> Problem to solve:
From the first line below to the last, reproduce the material exactly and leave out the images.
::::
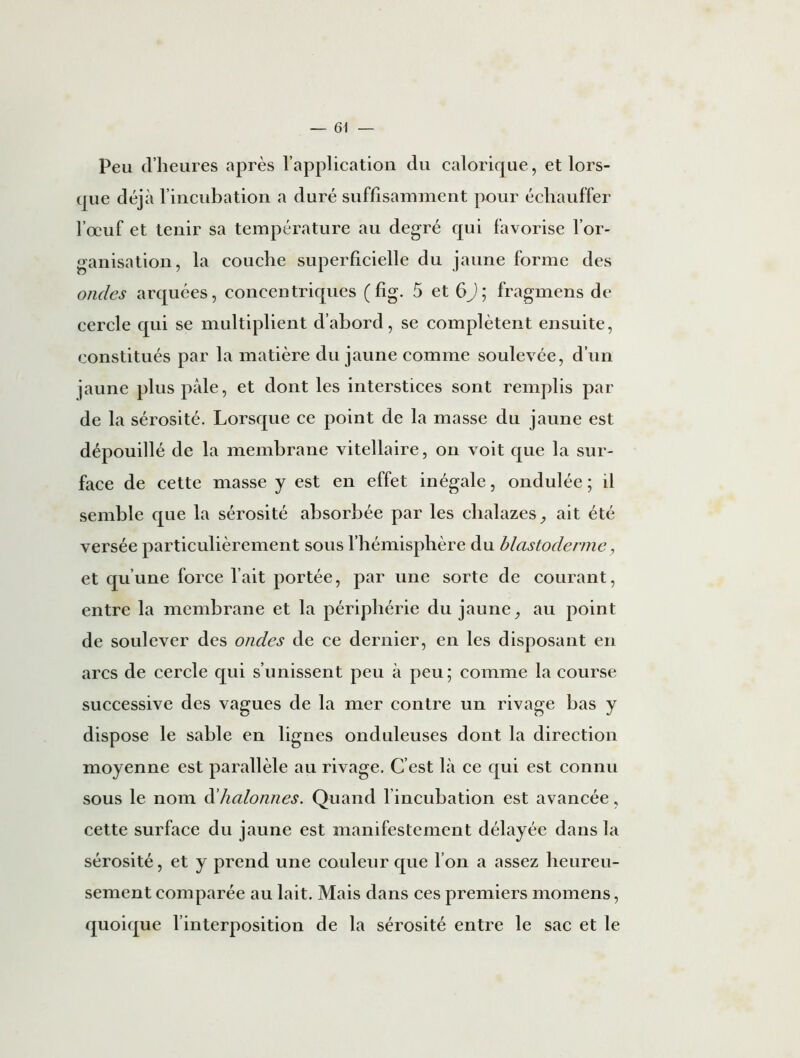 Peu d’heures après l’application du calorique, et lors- que déjà l’incubation a duré suffisamment pour échauffer l’œuf et tenir sa température au degré qui favorise l’or- ganisation, la couche superficielle du jaune forme des ondes arquées, concentriques (fig. 5 et 6J ; fragmens de cercle qui se multiplient d’abord, se complètent ensuite, constitués par la matière du jaune comme soulevée, d’un jaune plus pâle, et dont les interstices sont remplis par de la sérosité. Lorsque ce point de la masse du jaune est dépouillé de la membrane vitellaire, on voit que la sur- face de cette masse y est en effet inégale, ondulée; il semble que la sérosité absorbée par les chalazes, ait été versée particulièrement sous l’hémisphère du blastoderme, et qu’une force l’ait portée, par une sorte de courant, entre la membrane et la périphérie du jaune, au point de soulever des ondes de ce dernier, en les disposant en arcs de cercle qui s’unissent peu à peu; comme la course successive des vagues de la mer contre un rivage bas y dispose le sable en lignes onduleuses dont la direction moyenne est parallèle au rivage. C’est là ce qui est connu sous le nom à'halonnes. Quand l’incubation est avancée, cette surface du jaune est manifestement délayée dans la sérosité, et y prend une couleur que l’on a assez heureu- sement comparée au lait. Mais dans ces premiers momens, quoique l’interposition de la sérosité entre le sac et le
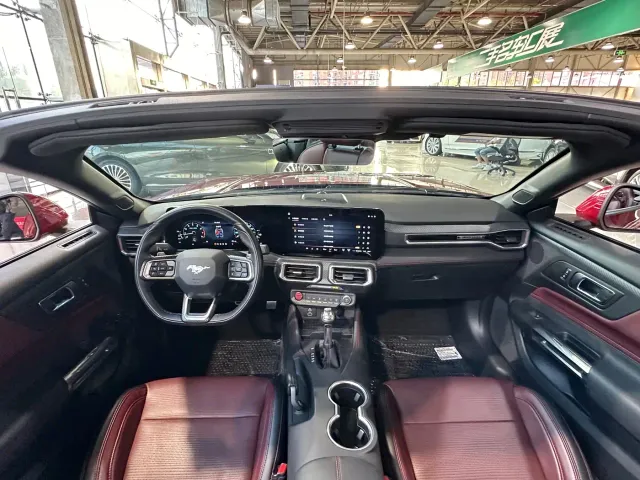 Ford Mustang — Фото автомобиля 8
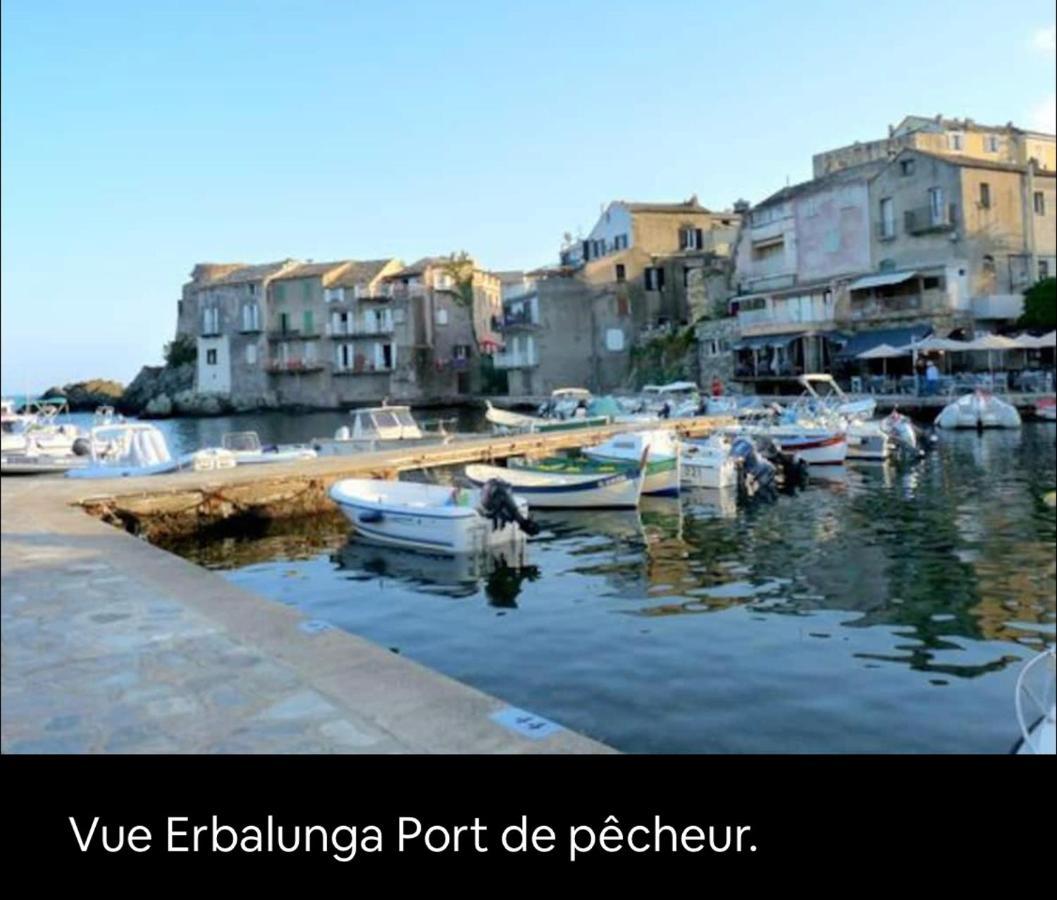 Magnifique Bergerie En Pierre * Brando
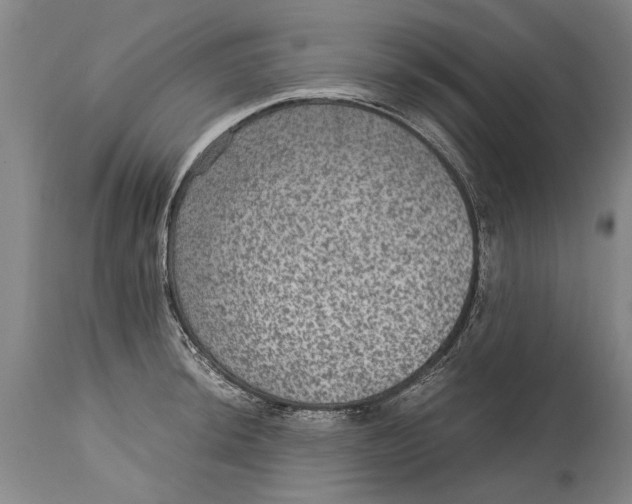 X0000115121044200911171323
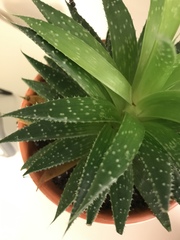 Aloe humilis
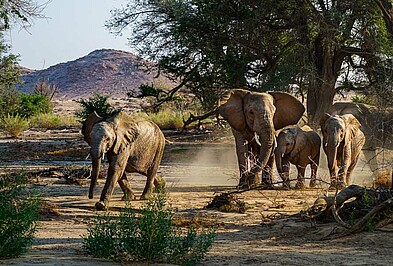 Elefanten Gruppe in der Wüste Namibias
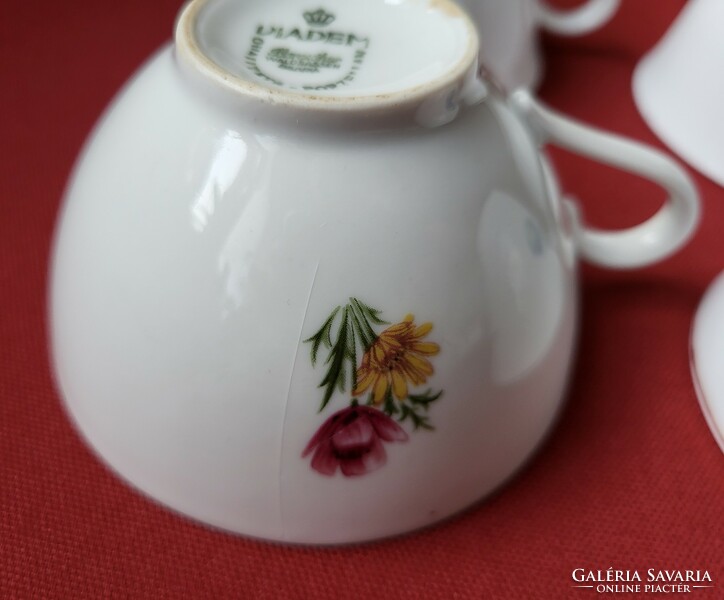 Diadem Bareuther Waldsassen Bavaria német és kínai porcelán csésze csomag virág mintával
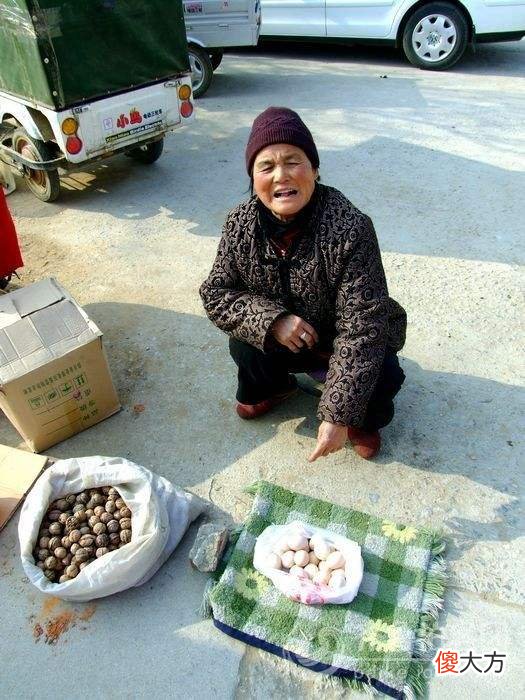 带泥的野生甲鱼 野生 甲鱼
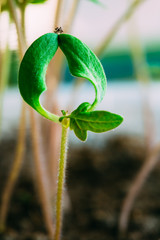 Green Sprout Growing From Soil. Spring Concept Of Gardening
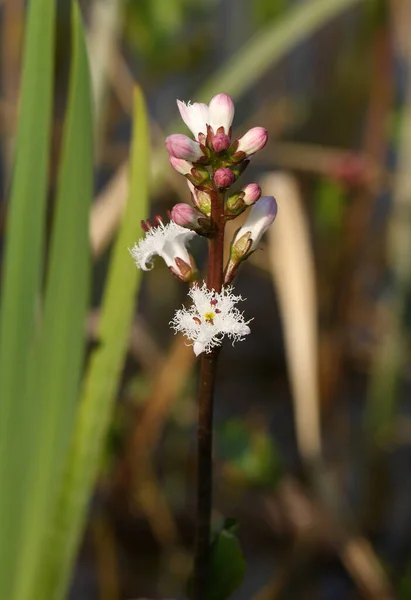 Pretty Bogbean Menyanthes Trifoliata Flowering Plant Growing Pond Countryside — Stock Photo, Image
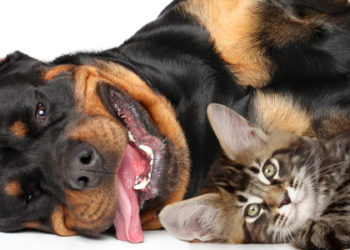 Angra dos Reis abre inscrições em 22/12 para castração gratuita de cães e gatos em janeiro de 2026; programa visa saúde animal e controle populacional.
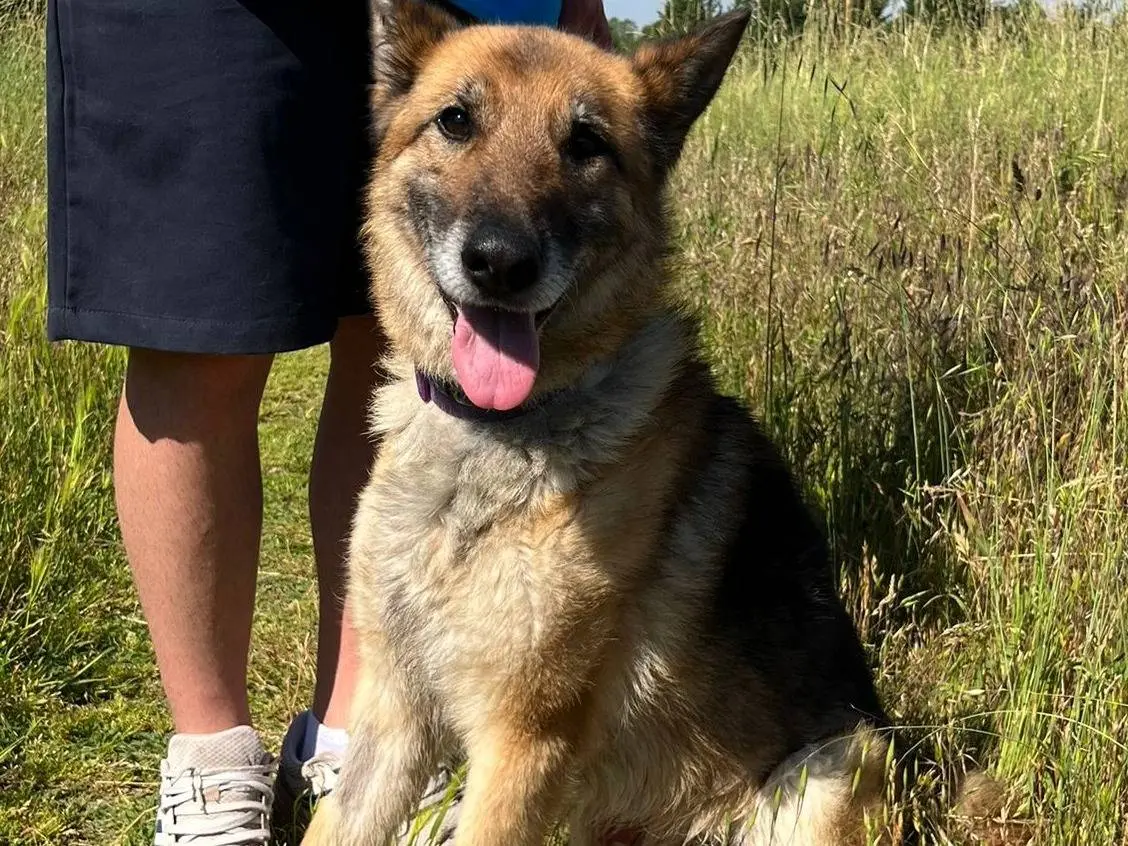 Vuoi adottare un cane a Milano?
::::
> Reply to the task:
 Peu d’heures après l’application du calorique, et lors- que déjà l’incubation a duré suffisamment pour échauffer l’œuf et tenir sa température au degré qui favorise l’or- ganisation, la couche superficielle du jaune forme des ondes arquées, concentriques (fig. 5 et 6J ; fragmens de cercle qui se multiplient d’abord, se complètent ensuite, constitués par la matière du jaune comme soulevée, d’un jaune plus pâle, et dont les interstices sont remplis par de la sérosité. Lorsque ce point de la masse du jaune est dépouillé de la membrane vitellaire, on voit que la sur- face de cette masse y est en effet inégale, ondulée; il semble que la sérosité absorbée par les chalazes, ait été versée particulièrement sous l’hémisphère du blastoderme, et qu’une force l’ait portée, par une sorte de courant, entre la membrane et la périphérie du jaune, au point de soulever des ondes de ce dernier, en les disposant en arcs de cercle qui s’unissent peu à peu; comme la course successive des vagues de la mer contre un rivage bas y dispose le sable en lignes onduleuses dont la direction moyenne est parallèle au rivage. C’est là ce qui est connu sous le nom à'halonnes. Quand l’incubation est avancée, cette surface du jaune est manifestement délayée dans la sérosité, et y prend une couleur que l’on a assez heureu- sement comparée au lait. Mais dans ces premiers momens, quoique l’interposition de la sérosité entre le sac et le
 Ford Mustang — Фото автомобиля 8
 Magnifique Bergerie En Pierre * Brando
 X0000115121044200911171323
 Aloe humilis
 Elefanten Gruppe in der Wüste Namibias
 Diadem Bareuther Waldsassen Bavaria német és kínai porcelán csésze csomag virág mintával
 带泥的野生甲鱼 野生 甲鱼
 Green Sprout Growing From Soil. Spring Concept Of Gardening
 Pretty Bogbean Menyanthes Trifoliata Flowering Plant Growing Pond Countryside — Stock Photo, Image
 Angra dos Reis abre inscrições em 22/12 para castração gratuita de cães e gatos em janeiro de 2026; programa visa saúde animal e controle populacional.
 Vuoi adottare un cane a Milano?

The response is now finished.